Bond investors are betting that monetary and fiscal stimulus will push inflation higher, with the 5-year U.S. breakeven inflation rates (a measure of expected inflation) trading at 2.7%. Equity investors have been re-positioning for economic growth by rotating into cyclical sectors such as energy, materials, financials and consumer discretionary.
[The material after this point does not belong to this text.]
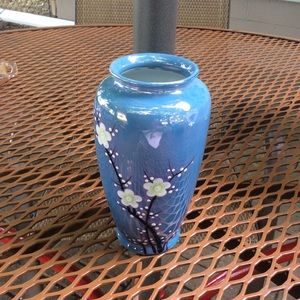 Sweet blue with dogwoods vase 🏺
Source: Federal Reserve Bank of St. Louis, 5-Year Breakeven Inflation Rate [T5YIE], retrieved from FRED, Federal Reserve Bank of St. Louis; https://fred.stlouisfed.org/series/T5YIE
There is also increasing evidence of labour shortages putting upward pressure on wages. A recent National Federation of Independent Business survey revealed that 42% of businesses had job openings they couldn’t fill, an all-time high going back to 1974. The Biden Administration’s American Jobs Plan is also targeting a major investment in infrastructure emphasizing higher quality and better paying jobs. U.S. labour has lost out to capital since Reagan, and there is increasing public buy-in to correct this disparity. In addition to increasing price inflation, it’s possible that wage growth will accelerate.
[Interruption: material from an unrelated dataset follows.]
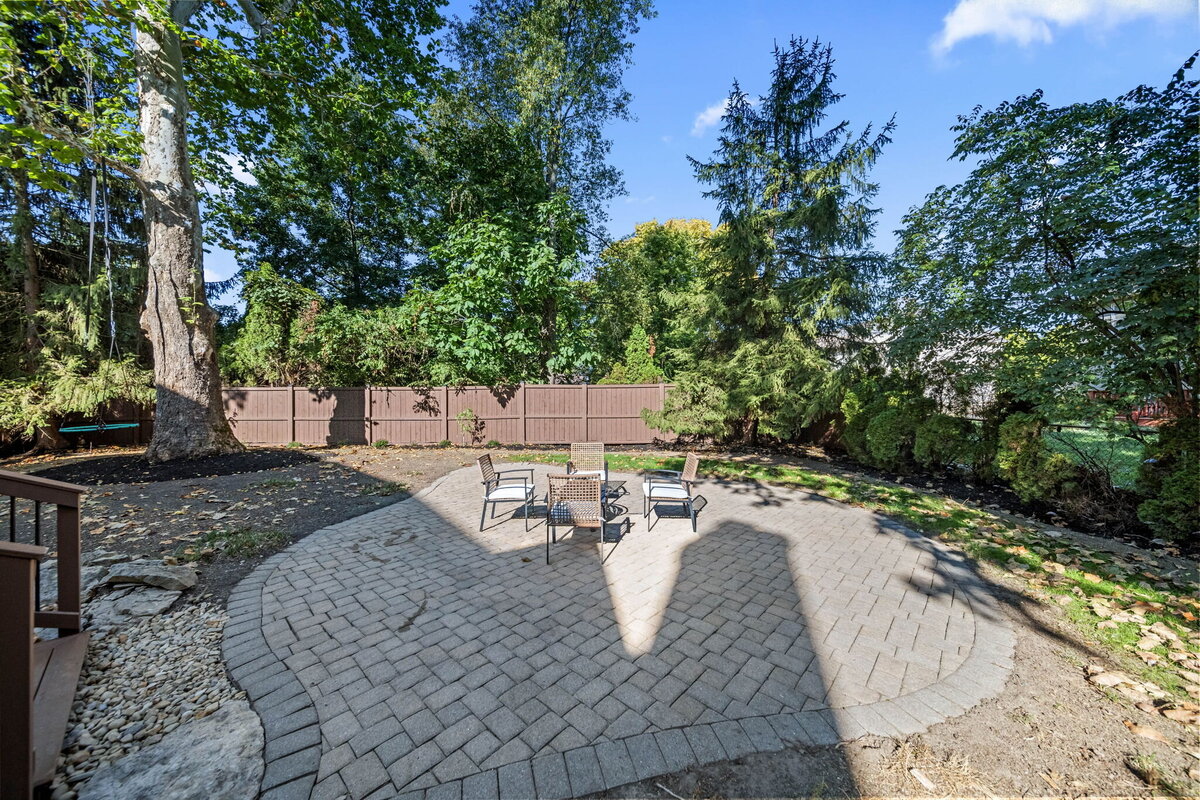 93-web-or-mls-A7407584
Canada’s central bank has already responded to incoming data suggesting the economic recovery is stronger than expected. The Bank of Canada has scaled back its bond buying program, reducing stimulus and liquidity to the market. The Bank is also expected to raise its policy interest rate in 2022, earlier than previously expected.
Down south, U.S. Federal Reserve Chairman Jerome Powell appears to be unconcerned about the possibility of persistent inflation. Powell says that any inflation spike will be temporary because of base effects (new price index readings being compared to their depressed levels twelve months prior) and bottlenecks in supply chains. After that he predicts inflation will fall back to recent norms. But what if the Fed is wrong?
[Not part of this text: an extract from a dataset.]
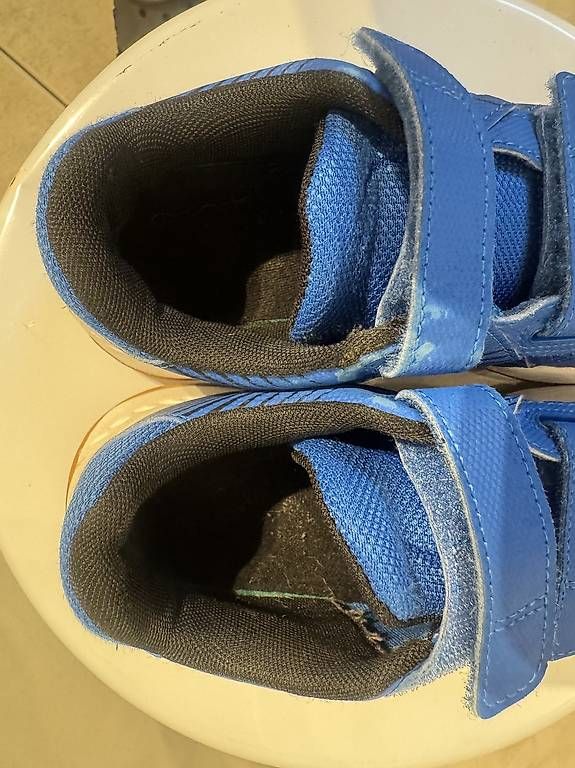 Scarpe per ragazzi: Puma Hallenschuhe Grösse 32 – Usato da Belp venduto da sabadesign 4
If price and wage increases emerge quicker than expected, the Fed could be forced to tighten policy sooner than telegraphed. In our view, markets aren’t necessarily prepared for that possibility. For instance, U.S. Treasury Secretary (and former Fed Chair) Janet Yellen warned on Tuesday that the economy is at risk of overheating. The tech-heavy Nasdaq (a good benchmark for high growth, long-duration assets) immediately sold off by 2.5%. We expect the market to be increasingly sensitive to emerging data and commentary on inflation.
For the past decade, the best performing investments have been long-duration assets with high expectations for future growth. That was sensible in an era of mediocre economic growth and low inflation. However, the high valuations of these assets may also be the most vulnerable should inflation and interest rates continue to rise.
In our view, investors should be diversified while emphasizing shorter duration assets with solid cash generation and reasonable valuations. Recent market momentum is clearly in this direction. Our portfolios have been riding this momentum and many of our cyclical holdings are coming into fair value range after years of being undervalued.
Just as the high growth trade of the past decade was overextended, at some point so too will the re-opening trade. As this momentum continues, we may re-allocate some of these gains into more defensive investments as their relative attractiveness improves.